Somewhere it must make sense that, for an episode that lasted an inexplicable 75 minutes, the Top Chef challenges were reruns. Colicchio pops up early for the Quickfire -- relay race, two teams of four, repurposed from seasons past. Sides are drawn, and Spike, Dale, Lisa and Nikki compete against Richard, Stephanie, Andrew and Antonia in a whirlwind battle of knives: Supreming oranges, turning and cleaning artichokes, cleaning and filleting monkfish and making a quart of the dreaded mayonnaise. Although Lisa supremes a mean orange, Stephanie clinches a win for her team with her measured pour, her strong arm, and her well-whisked mayo. This makes Dale very, very, very angry.
While immunity is now a thing of the past, the winners do get an advantage in the next challenge. Forget restaurant wars -- this is wedding wars, with fourteen straight hours and five grand to cook for 125 guests each, with the Quickfire-winning team choosing for whom they cater -- bride or groom. Richard's balls select the bride, a meat and potatoes kind of gal. Nikki hits it off with the groom and his Italian tastes, but decides not to translate her lifetime of expertise into leadership.
During the difficult all-nighter, Dale over-extends himself, presumably hoping that the hardest worker on the losing team won't get sent home. Richard's micromanagement annoys Andrew. These poor people -- not only did they have the Quickfire, shopping, and the all-night cooking, they have to serve as well.
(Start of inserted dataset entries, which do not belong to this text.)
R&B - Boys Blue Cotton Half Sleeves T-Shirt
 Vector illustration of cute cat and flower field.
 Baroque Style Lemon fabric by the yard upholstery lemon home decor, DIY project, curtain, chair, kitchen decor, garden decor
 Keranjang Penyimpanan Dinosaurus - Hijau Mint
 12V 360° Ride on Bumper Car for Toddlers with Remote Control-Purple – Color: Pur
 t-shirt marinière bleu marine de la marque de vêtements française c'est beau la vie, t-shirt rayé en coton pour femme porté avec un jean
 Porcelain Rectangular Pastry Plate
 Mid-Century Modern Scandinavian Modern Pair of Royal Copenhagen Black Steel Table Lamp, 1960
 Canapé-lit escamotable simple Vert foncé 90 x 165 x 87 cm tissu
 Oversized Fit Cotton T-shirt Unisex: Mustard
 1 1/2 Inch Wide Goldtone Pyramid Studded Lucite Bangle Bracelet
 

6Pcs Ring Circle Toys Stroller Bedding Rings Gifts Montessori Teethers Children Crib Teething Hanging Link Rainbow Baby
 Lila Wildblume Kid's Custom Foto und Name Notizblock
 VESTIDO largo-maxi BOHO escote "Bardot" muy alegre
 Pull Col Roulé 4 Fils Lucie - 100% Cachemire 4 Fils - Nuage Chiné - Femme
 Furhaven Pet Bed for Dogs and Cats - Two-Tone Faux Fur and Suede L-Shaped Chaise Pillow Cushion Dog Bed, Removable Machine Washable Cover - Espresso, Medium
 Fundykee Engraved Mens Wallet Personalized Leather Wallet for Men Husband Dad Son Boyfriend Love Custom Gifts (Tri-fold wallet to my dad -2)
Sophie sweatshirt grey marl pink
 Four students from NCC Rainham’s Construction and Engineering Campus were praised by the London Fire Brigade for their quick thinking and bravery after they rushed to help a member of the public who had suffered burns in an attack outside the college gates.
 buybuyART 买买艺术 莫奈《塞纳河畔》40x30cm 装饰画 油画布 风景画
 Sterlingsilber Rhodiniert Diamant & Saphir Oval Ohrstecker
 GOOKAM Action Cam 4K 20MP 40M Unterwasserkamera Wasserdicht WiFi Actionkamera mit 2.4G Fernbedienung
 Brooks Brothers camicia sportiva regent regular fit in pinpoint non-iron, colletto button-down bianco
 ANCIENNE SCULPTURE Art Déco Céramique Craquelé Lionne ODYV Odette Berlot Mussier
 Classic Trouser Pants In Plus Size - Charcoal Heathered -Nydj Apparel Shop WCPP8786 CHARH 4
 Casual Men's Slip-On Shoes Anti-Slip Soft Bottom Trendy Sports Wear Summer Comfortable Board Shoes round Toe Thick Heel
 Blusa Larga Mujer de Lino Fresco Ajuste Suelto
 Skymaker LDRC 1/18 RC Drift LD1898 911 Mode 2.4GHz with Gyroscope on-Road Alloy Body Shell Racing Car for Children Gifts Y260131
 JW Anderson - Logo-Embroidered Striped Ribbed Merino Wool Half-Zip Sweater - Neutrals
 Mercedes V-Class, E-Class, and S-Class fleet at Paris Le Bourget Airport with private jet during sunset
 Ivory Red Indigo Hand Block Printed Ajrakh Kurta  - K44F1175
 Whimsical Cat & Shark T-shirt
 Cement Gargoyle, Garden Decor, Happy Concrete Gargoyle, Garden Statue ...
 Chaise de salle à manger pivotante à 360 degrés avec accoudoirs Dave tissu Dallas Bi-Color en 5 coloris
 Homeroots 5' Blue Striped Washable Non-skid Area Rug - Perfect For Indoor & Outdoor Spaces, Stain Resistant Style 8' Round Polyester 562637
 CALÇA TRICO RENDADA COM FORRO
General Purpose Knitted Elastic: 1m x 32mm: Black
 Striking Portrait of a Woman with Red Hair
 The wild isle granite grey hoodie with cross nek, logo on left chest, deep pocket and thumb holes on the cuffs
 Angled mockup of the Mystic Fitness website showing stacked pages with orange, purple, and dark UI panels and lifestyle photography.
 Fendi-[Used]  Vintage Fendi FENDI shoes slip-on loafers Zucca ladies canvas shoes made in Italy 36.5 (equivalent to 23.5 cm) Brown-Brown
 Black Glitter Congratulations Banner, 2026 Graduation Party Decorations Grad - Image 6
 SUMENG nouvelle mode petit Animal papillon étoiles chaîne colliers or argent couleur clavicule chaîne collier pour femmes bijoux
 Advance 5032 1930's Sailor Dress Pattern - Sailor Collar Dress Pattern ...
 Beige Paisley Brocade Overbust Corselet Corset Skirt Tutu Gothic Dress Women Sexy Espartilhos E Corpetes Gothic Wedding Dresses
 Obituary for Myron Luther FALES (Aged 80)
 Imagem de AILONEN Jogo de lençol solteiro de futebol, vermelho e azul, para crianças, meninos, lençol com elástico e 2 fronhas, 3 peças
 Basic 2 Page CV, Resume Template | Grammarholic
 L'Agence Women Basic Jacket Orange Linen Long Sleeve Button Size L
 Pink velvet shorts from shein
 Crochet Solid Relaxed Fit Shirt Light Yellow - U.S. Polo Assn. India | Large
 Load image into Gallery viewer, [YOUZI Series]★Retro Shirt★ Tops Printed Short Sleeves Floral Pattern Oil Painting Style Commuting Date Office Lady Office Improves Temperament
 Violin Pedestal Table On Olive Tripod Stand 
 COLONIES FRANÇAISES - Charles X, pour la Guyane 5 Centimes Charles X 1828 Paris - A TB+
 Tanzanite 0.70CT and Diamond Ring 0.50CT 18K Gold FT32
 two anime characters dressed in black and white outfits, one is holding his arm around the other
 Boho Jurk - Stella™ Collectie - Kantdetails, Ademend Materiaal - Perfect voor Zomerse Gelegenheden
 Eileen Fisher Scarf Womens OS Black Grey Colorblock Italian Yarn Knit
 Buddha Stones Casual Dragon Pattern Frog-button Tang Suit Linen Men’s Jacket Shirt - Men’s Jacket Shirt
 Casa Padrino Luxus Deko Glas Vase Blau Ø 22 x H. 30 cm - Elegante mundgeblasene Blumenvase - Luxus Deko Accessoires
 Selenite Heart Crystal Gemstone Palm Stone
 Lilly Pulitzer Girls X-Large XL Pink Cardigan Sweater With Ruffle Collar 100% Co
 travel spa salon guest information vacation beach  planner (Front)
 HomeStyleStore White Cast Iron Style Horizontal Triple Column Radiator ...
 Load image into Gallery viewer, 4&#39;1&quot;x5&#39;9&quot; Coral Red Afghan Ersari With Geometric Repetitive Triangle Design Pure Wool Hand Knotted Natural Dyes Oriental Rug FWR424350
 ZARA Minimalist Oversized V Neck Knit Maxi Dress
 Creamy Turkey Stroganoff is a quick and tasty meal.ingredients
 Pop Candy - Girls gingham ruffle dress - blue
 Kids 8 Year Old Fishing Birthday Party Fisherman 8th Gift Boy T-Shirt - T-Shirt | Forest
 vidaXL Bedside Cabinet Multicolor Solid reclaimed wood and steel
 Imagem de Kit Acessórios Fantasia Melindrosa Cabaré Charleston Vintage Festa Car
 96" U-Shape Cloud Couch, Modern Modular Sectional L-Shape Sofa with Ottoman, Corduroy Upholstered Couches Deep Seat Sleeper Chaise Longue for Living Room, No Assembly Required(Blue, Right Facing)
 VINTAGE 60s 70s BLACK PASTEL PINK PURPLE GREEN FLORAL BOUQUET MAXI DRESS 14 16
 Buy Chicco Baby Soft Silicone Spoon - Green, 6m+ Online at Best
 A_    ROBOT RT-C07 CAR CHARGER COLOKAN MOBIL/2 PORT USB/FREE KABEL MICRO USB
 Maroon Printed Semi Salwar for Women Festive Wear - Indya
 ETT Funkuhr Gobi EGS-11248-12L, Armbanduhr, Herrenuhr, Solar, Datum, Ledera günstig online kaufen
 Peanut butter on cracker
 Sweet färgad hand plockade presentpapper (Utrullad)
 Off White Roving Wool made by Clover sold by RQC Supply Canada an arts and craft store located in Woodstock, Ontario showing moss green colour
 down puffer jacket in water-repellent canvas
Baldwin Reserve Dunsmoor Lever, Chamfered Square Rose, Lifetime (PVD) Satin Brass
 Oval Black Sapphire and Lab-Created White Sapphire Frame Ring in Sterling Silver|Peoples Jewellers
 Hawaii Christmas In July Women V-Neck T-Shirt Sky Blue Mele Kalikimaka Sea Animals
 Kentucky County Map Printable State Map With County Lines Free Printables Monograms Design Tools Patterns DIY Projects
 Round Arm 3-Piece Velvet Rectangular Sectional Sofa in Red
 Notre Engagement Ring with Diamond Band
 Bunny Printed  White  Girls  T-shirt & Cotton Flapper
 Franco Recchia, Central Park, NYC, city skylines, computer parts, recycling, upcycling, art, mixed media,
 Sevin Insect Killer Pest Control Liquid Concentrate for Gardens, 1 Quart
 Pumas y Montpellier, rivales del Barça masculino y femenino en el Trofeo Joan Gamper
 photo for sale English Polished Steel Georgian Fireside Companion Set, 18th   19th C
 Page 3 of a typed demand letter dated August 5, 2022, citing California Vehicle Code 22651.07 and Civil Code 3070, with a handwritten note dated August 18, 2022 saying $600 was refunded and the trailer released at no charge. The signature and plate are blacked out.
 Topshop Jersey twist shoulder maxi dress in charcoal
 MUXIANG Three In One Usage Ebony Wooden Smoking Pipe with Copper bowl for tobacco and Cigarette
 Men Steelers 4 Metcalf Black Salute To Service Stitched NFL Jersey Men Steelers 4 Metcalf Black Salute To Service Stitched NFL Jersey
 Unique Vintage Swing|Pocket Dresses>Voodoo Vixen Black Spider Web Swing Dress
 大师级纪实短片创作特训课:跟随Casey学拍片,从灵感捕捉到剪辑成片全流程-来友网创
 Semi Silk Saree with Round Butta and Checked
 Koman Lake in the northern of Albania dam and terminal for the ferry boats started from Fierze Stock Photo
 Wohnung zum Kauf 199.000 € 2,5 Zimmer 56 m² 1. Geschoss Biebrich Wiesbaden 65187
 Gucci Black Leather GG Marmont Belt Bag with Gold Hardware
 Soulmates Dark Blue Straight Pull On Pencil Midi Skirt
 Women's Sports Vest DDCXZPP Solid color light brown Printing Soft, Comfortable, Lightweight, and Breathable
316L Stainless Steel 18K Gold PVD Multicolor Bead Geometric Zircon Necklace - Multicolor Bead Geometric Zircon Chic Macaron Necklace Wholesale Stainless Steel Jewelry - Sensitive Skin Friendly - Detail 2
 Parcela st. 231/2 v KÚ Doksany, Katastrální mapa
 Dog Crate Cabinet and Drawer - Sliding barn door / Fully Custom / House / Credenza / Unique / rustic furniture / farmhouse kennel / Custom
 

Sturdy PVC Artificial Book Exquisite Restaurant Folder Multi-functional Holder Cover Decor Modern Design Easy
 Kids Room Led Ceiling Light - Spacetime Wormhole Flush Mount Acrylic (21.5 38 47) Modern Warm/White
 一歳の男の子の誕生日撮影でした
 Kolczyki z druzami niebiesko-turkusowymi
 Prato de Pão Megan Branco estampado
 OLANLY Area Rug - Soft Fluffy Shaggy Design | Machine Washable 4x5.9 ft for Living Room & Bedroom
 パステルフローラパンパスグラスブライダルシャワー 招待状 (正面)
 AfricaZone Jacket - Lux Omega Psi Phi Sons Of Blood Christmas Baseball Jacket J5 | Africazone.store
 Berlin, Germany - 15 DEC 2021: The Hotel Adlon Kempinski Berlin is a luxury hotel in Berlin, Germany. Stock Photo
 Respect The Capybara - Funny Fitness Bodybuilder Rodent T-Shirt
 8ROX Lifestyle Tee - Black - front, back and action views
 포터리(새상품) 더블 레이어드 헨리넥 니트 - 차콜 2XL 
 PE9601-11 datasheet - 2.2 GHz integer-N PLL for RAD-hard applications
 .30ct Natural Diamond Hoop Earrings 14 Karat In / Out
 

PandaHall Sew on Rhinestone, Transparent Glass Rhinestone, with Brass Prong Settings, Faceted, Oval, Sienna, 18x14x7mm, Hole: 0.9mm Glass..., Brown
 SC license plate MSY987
It's all terribly exhausting, and I'm only watching. The judges proclaim the bride's side better and Richard's bossiness the winner (even though Stephanie took the proverbial cake -- it looked better but tasted worse than Lisa's homely groom's cake). Richard does a good turn by sharing the glory (and his Crate and Barrel gift certificate) with Stephanie. Spike and Dale goad each other into a pout-off at the judges' table, but it's Nikki who goes home for hanging around much longer than she should have.
Thank goodness for Bravo -- if they didn't rerun everything about 900 times, I'd be in big trouble, since my TiVo ate the recording of Wednesday night's 75-minute show. (It is not, I must admit, beyond the realm of possibility that in a haze of wishful thinking I sleep-deleted the episode, which is preferable to sleep-driving to Arby's for a sleep-binge, but still disturbing -- ah, Ambien.) The rerun, I see, is a standard 60 minutes, which I hope means they've edited the crap out of the episode, but in all likelihood simply means shorter commercial breaks -- let's find out!
Antonia's psyched that there are still four women left -- four men, four women, which is unusual for Top Chef -- usually there are more men left than women by this time. Nikki maintains that, as a woman, you have to be a fighter and a competitor -- which, of course, you don't if you're a man. Too bad Nikki seems incapable of taking her own advice. While I'd love to see a woman take top honors as well, I'm not sure who, out of these four, that would be -- it would have been Stephanie, but she's been a disappointment for the past few weeks (really, that tomato and peanut butter concoction seemed like a disaster). It's certainly not Lisa or Nikki, and I'm still not sold on Antonia. Come to think of it, I'm not sold on any of the guys either -- Richard's clearly the talent to beat, but he's such a tool. Oh, and goodbye Mark -- he was such a non-entity by the time he decamped for greener pastures that I won't miss him, although it seems that Andrew and Spike feel differently. They liked the mop-topped kiwi, but Spike, still in bed, asks Andrew if he's ready to move in, and it looks like those two will be just fine. That exchange was not in the version I'm watching, but I swear it was there in the extended remix -- unless the Ambien kicked in before I even took it -- which means they did cut the episode! Suddenly a TiVo accident seems like a brilliant strategy, although I hereby apologize for not capturing every fabulous moment of the lengthy original in my scintillating prose.
Surprise! Colicchio stands next to Padma, who is sporting the pinnacle of Civil War-era military fashion with a tricked-out slate gray jacket. No guest judge today. Padma explains that it's time to "up the ante," sounding like she's just eaten a handful of marbles. Upping the ante means no more immunity for Quickfire winners, as well as a reworking of two favorite challenges from season's past. Said reworkings require two teams of four, so knives are drawn (it's Team Fork and Team Spoon for those of you who care about such things, although the names have no significance whatsoever). It's Andrew, Richard, Stephanie and Antonia versus Dale, Nikki, Spike and Lisa (who, thankfully, has decided to wrap a bandana around her dirty, stringy mess of hair -- too bad she can't do the same with her face). Wow -- that is a huge mismatch. I wonder who will win!